Through its connections, LHT was able to obtain a death certificate from the state and the client received his settlement — $200,000.

Lazarine said the money changed his client’s life. Unable to do his former job because of his own HIV-related condition, the client is back in school, training for work that’s less stressful and less physically demanding.

Over its 25-year history, LHT has helped more than 13,000 people. That doesn’t include the hundreds of calls they get every month from people asking a simple question or needing a referral.

Despite the agency having expanded its mission to serve those with any terminal illness, about 90 percent of LHT clients are HIV-positive.

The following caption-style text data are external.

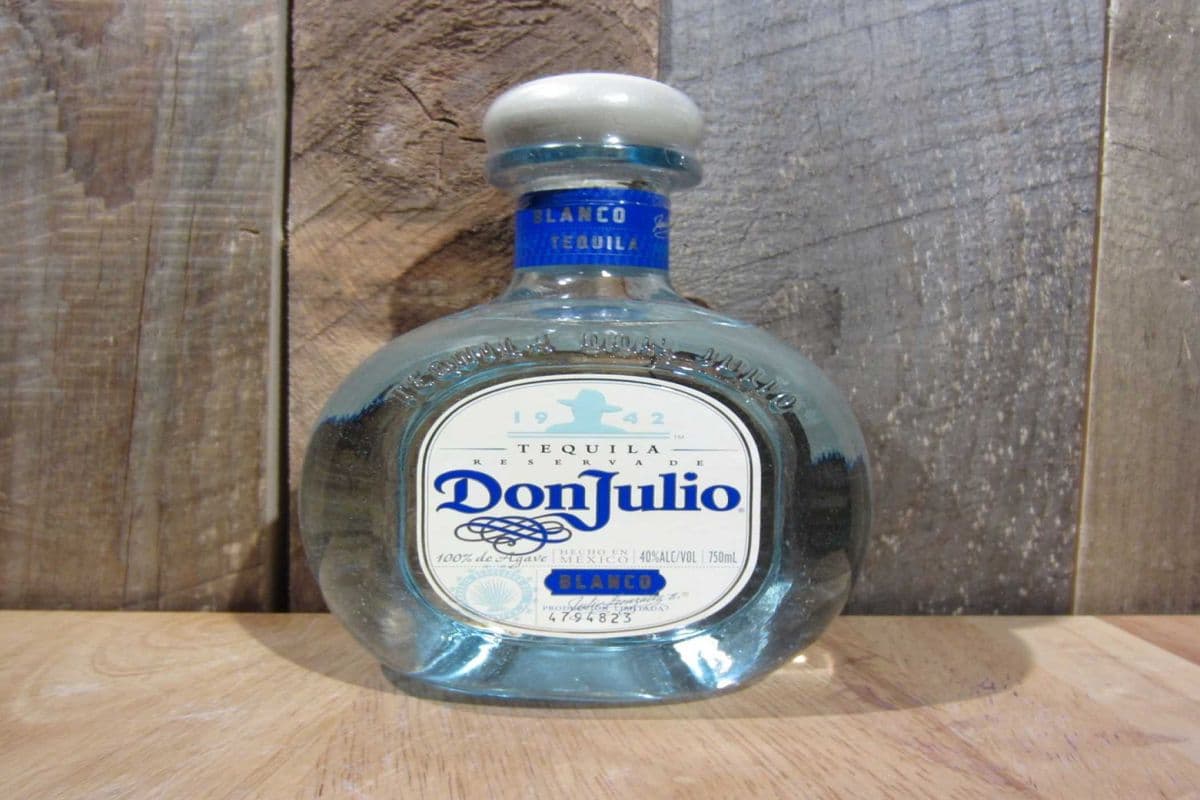 DON JULIO BLANCO 750ML (1 x 750ML)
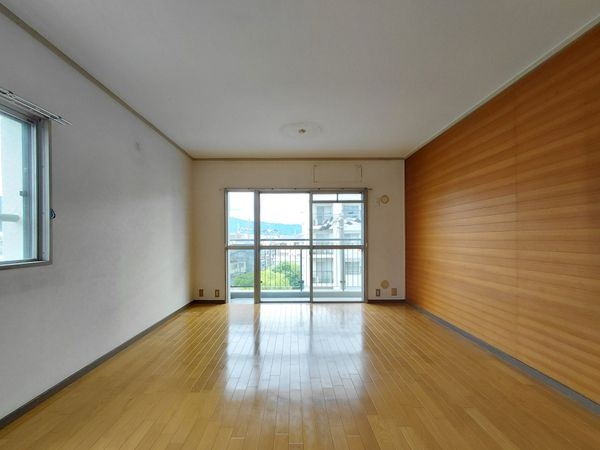 住道駅前住宅３１号棟　中古マンション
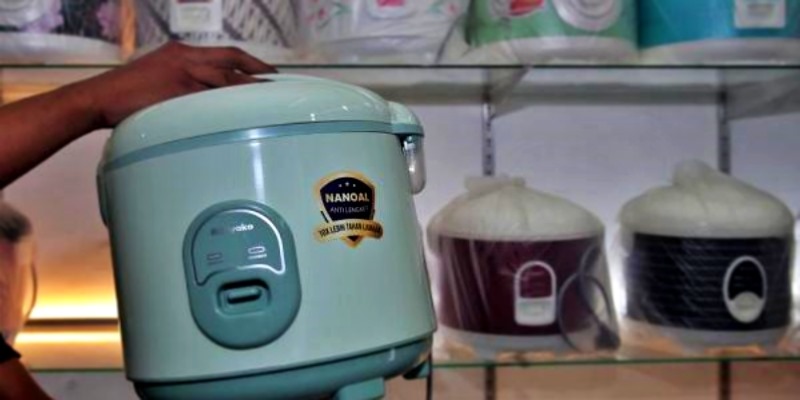 Sekitar 500 ribu rice cooker gratis akan segera didistribusikan untuk masyarakat Indonesia mulai awal November 2023 mendatang.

In the past year, LHT has helped more than 600 people, and Lokash said the value of those services is estimated at $611,000 delivered free of charge to the community.

Despite that, Lazarine wishes he could do more because of “the amount of need out there,” he said.

Former LHT Executive Director Roger Wedell said Lazarine’s priority has always been doing what’s best for the client.

“He could be doing a lot of different things making mega-bucks,” Wedell said. “But that’s not where his passion or dedication is.”

Lazarine said he gets something from working at LHT that he’d never see working elsewhere.

“The gratitude of our clients,” he said.

This article appeared in the Dallas Voice print edition September 19, 2014.